------ Records for this exercise ------

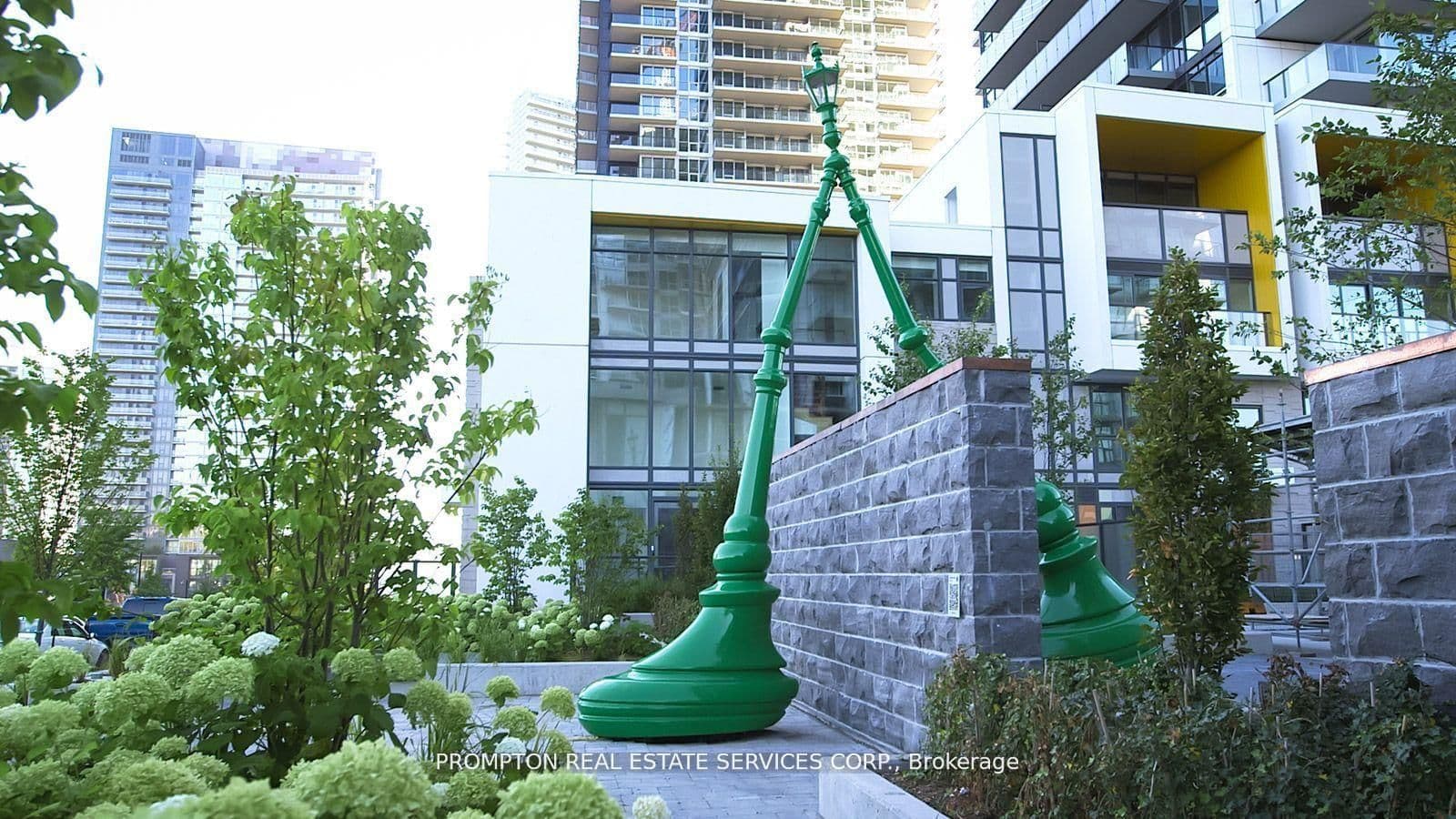 85 McMahon Drive, Unit 2015 thumbnail 7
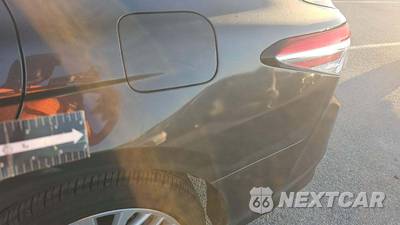2020 Toyota Camry XLE - zdjęcie 31 z 39 - miniatura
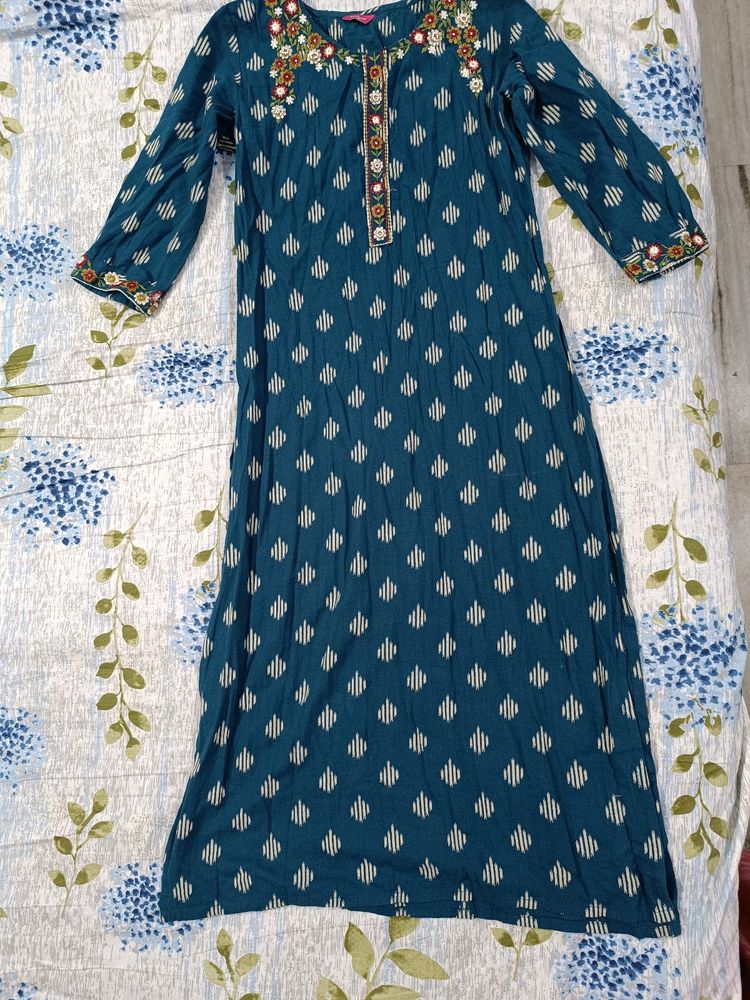 Teal Green Cotton Kurta With Embroidery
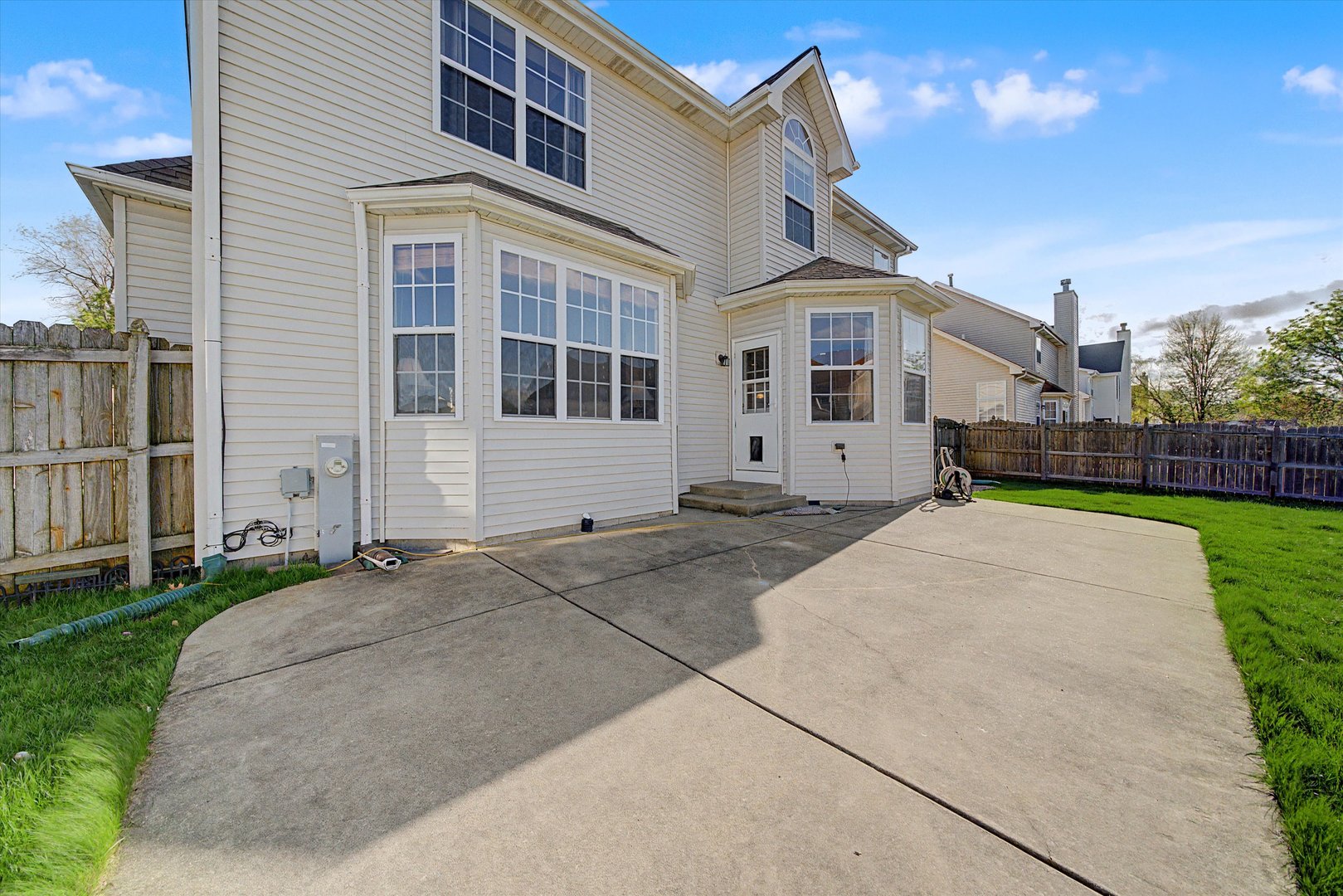 942 Brassfield Avenue, Romeoville, IL 60446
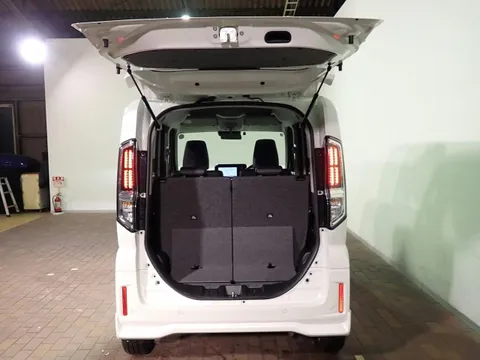 Suzuki Spacia Custom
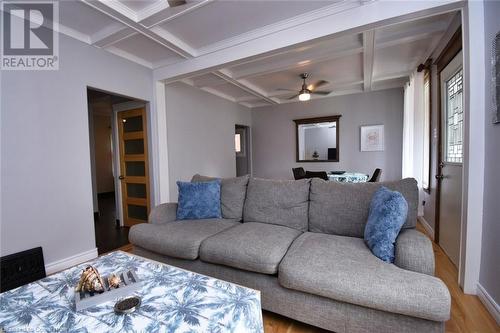 86 Graham Avenue S, Hamilton, ON - Indoor Photo Showing Living Room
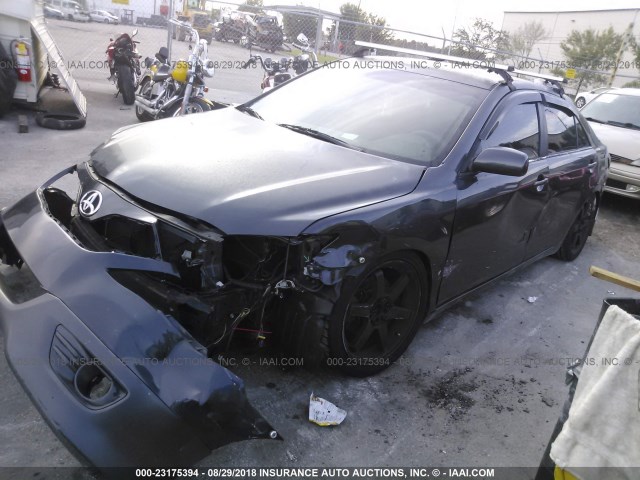 4T1BF3EKXAU042491 - 2010 TOYOTA CAMRY SE/LE/XLE GRAY photo 2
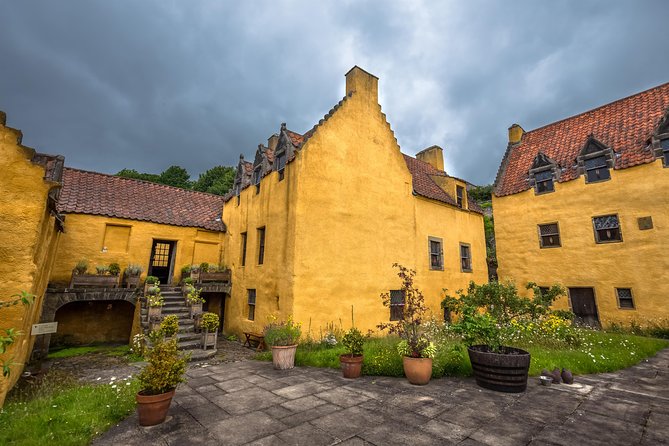 Outlander Film Locations Day Trip from Edinburgh - Falkland: 1940s Inverness in 45 minutes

------

Now repeat exactly the lines from the one with "86 Graham Avenue" through the end of the listing above, both included, omitting all pictures.

 86 Graham Avenue S, Hamilton, ON - Indoor Photo Showing Living Room
 4T1BF3EKXAU042491 - 2010 TOYOTA CAMRY SE/LE/XLE GRAY photo 2
 Outlander Film Locations Day Trip from Edinburgh - Falkland: 1940s Inverness in 45 minutes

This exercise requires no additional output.